Latte Macchiatto numa mão, um pretzel morno com manteiga na outra. Pavimentação sob meus pés. Buzinas de carro, arrancar de motores, passos de transeuntes impassíveis, o ranger agudo do trilho enquanto o bonde passa. Uma ventania e o cachecol da Benetton serpenteia, meus braços se arrepiam, meus passos se apressam. De um lado, a pirâmide tão conhecida, bem no centro do centro da cidade de Karlsruhe. Do outro lado, as vitrines, os anúncios, o castelo, a organização das árvores no jardim. Cercada de prédios, normalidade, tecnologia e civilização. Mas algo dentro de mim clama por algo. . . épico. 

Ele colocou a eternidade em nossos corações. O coração não foi feito para ruas de paralelepípedo e tickets em máquinas automatizadas. Ele não foi feito para protetores de copo e palmilhas termoisolantes. Ele não foi feito para tanta segurança, tanto hábito, tanta educação, tanta regulamentação, tanto comportamento pré-programado. O épico clama dentro de mim. E, ao menos desta vez, extraordinariamente, respondo.

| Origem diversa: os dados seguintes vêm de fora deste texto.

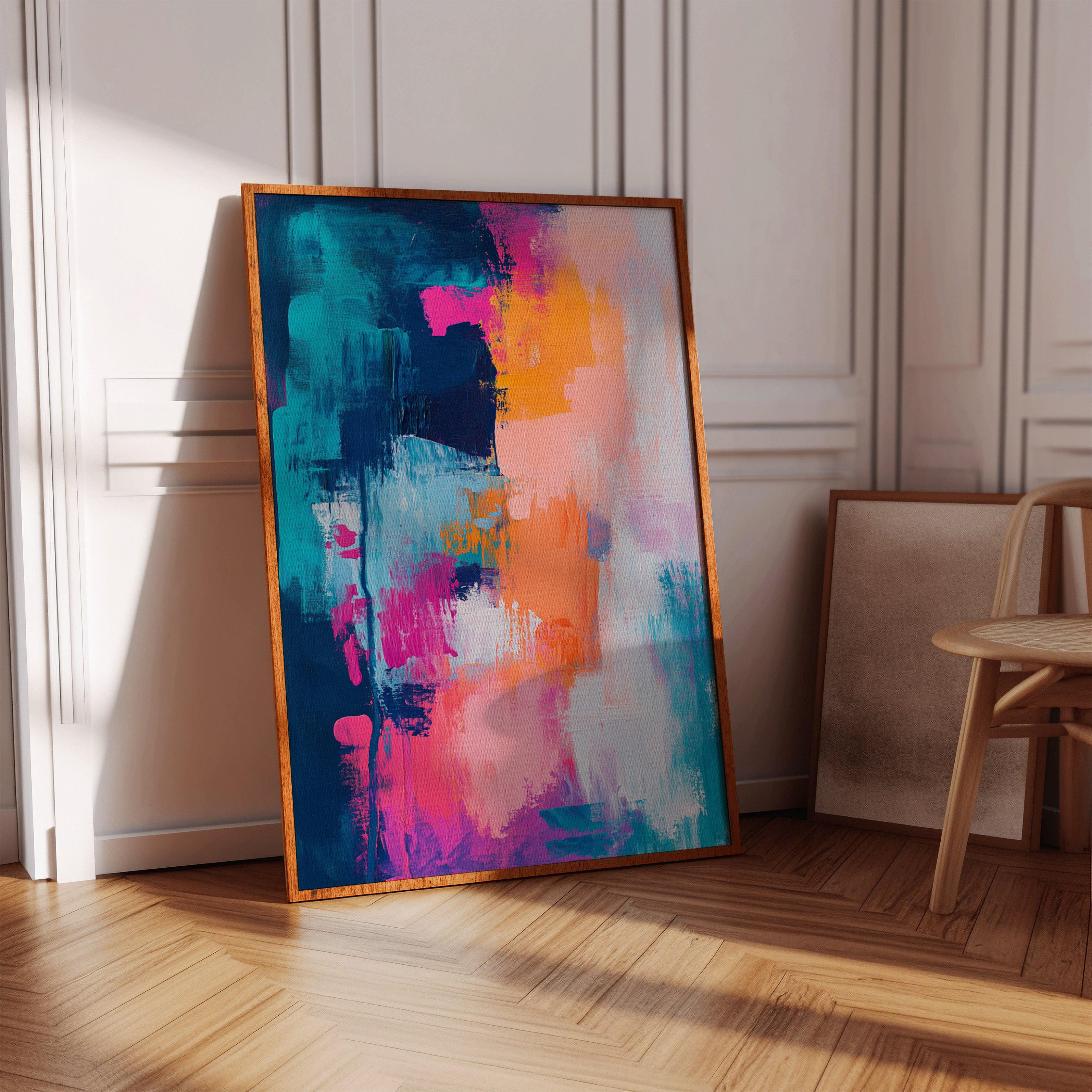 Gallery image 11 for AL0767 - Premium Art Print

Lanço fora o copo de plástico, junto com seu protetor e o guardanapo do pretzel. E corro. Não uma corrida civilizada, daquelas que costumamos ver em propagandas da Nike ou entre os atrasados para pegar o bonde. Corro uma corrida desesperada, de início lenta e, de repente, acelerada até o ponto em que as testemunhas se viram preocupadas para verificar por que manada desembestada estou sendo perseguida. Cada passo impactante doem os ossos mal-acostumados, as juntas queimam e contraem-se teimosamente, os pulmões reclamam, mas não paro. Por que corro? Ouço em cada impacto dos meus pés que estou atrás do épico, da aventura, dos sonhos inatingíveis, do passado irrecuperável, de tudo aquilo que não alcancei porque não lutei, das lágrimas jamais derramadas, da alma diluída e esmaltada pelo excesso de civilização, do grito engolido, das risadas educadas, do tempo mal investido, do perdão nunca pedido, das pessoas que feri, da verdade não dita, do amor, do amor que não soube dar tão inteiro, tão completo, porque parecia estúpido e infantil e tão desajustado. 

Corro desesperadamente porque não há lugar para o épico aqui neste bairro e, portanto, não há lugar para corações onde a eternidade foi colocada. Enquanto vivemos vidas regradas entre quatro paredes artificialmente climatizadas, discutimos as novas tendências da moda e compartilhamos fotos de gatinhos pela internet, os tambores rufam, o céu se desenrola como papiro, o chão treme, os alicerces se deslocam, o teto brilhando de chuva está a despencar e o épico nos chama por nome a plenos pulmões. A eternidade comanda agora que gritemos, que lutemos, que suemos, que choremos, que corramos, que desistamos deste conforto, em prol de tudo que é certo, tudo que é puro, tudo que é belo e justo. Existe o momento de não hesitar. É o momento de ir all in.

Então, corro. Debaixo do sol, da neve e da chuva, em meio ao mar de rostos indiferentes que me cercam.

Corro até as extremidades da terra, até os limites desta cidade, o fim da carreira proposta. No alto daquela encosta, sem saída e sem retorno, grito o grito rouco, guardado por décadas, já que não posso mais correr. E em resposta, o eco grita duas, três, até quatro vezes o meu esforço. As lágrimas caem e, finalmente sinto meu coração esticando-se de abarrotado de perfeito amor e perfeita alegria e profunda dor por toda a civilização assim tão pálida e tão civilizada. O épico me venceu. E com Ele, venci o mundo.